The Necessity of Redundancy in Storage Networks

Redundancy is the primary principle supporting data protection and high-availability computing. Without redundancy there would be no way to recover from even the smallest mistake or component failure, such as the failure of a disk drive. A data center that has tens of thousands of disk drives should expect to have regular drive failures in the course of normal operations. Without data redundancy, each of these disk drive failures could be catastrophic.

Of course, device failures represent only a part of the overall requirement for data redundancy. Large-scale disasters also occur and need to be protected against.

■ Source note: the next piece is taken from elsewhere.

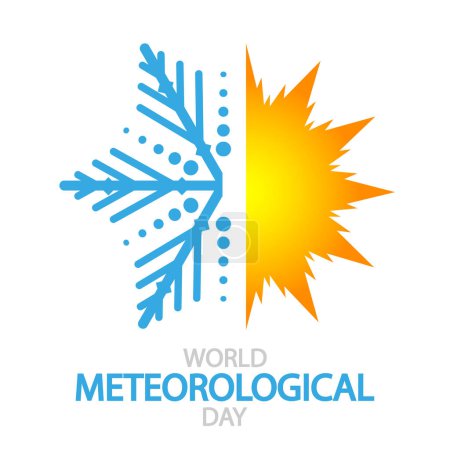 Día Meteorológico Sol mundial y copo de nieve, ilustración de arte vectorial.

The distance capabilities of storage networks mean it is possible to store redundant data at a secondary location that is far enough away to protect data from threats that could impact systems processors and primary storage.

Secondary storage locations for redundant data might be in an adjacent room, on another floor, across the street, across town, or even in another region, state, or country. The point is, if something happens to primary production data, it is necessary to ensure the business can continue operating through the application of redundant data and data-recovery techniques.

Threats to Data

There are basically three things that can go wrong and make data unavailable or unusable:

• Loss of data Data is erased or overwritten, or the equipment it is stored on fails or is destroyed.

• Blocked access The data itself might be unharmed, but the access to it may be blocked.

• Loss of integrity The data might have errors introduced into it by bugs, accidents, or intent.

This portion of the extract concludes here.